- EXERCISE DIRECTIONS -
Every line below from the one with "ZW COLLECTION STRAIGHT-CUT LINEN BLAZER" through the one with "3-к кв. Севастополь" should be retyped exactly, both ends included; no other lines and no pictures.

- EXTRACTED ENTRIES -
————————

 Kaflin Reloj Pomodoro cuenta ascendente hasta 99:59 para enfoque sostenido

————————

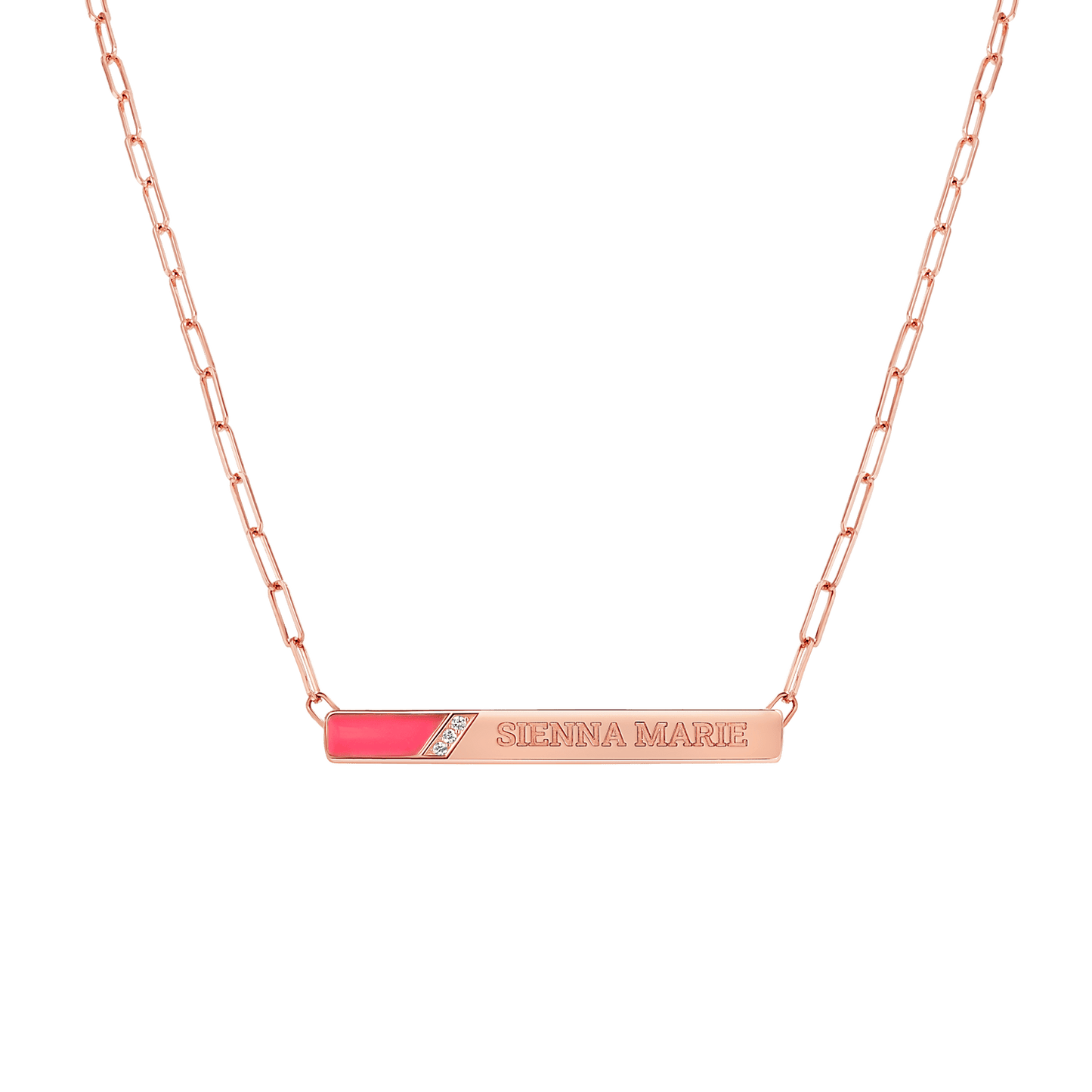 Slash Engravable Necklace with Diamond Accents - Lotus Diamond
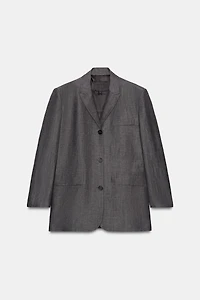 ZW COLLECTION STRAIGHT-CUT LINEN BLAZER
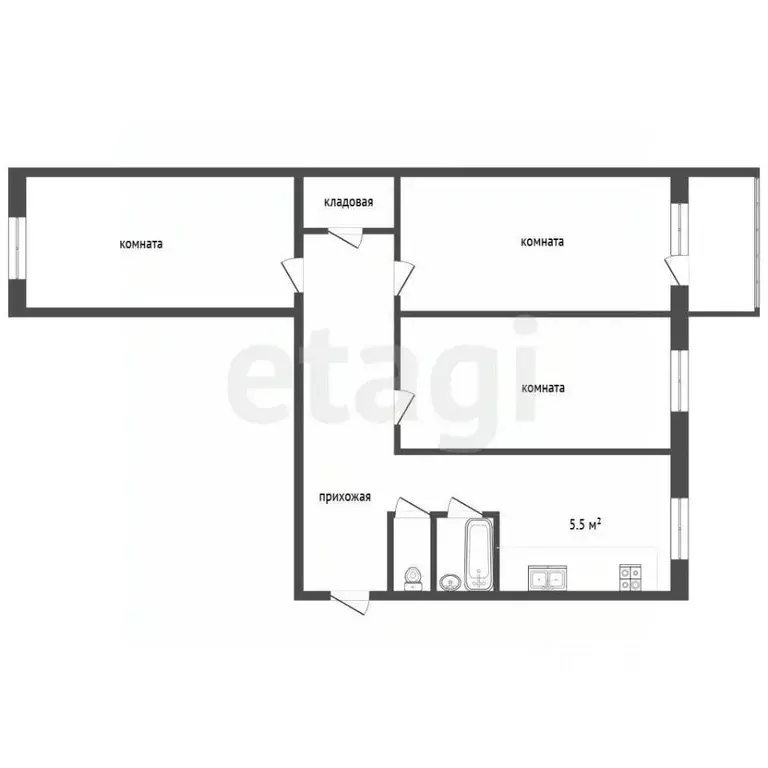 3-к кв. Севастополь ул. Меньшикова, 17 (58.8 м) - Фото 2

————————

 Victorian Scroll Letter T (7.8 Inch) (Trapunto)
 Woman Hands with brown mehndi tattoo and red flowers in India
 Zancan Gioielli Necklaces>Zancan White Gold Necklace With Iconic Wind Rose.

————————

- RESULT OF THIS TASK -
 ZW COLLECTION STRAIGHT-CUT LINEN BLAZER
 3-к кв. Севастополь ул. Меньшикова, 17 (58.8 м) - Фото 2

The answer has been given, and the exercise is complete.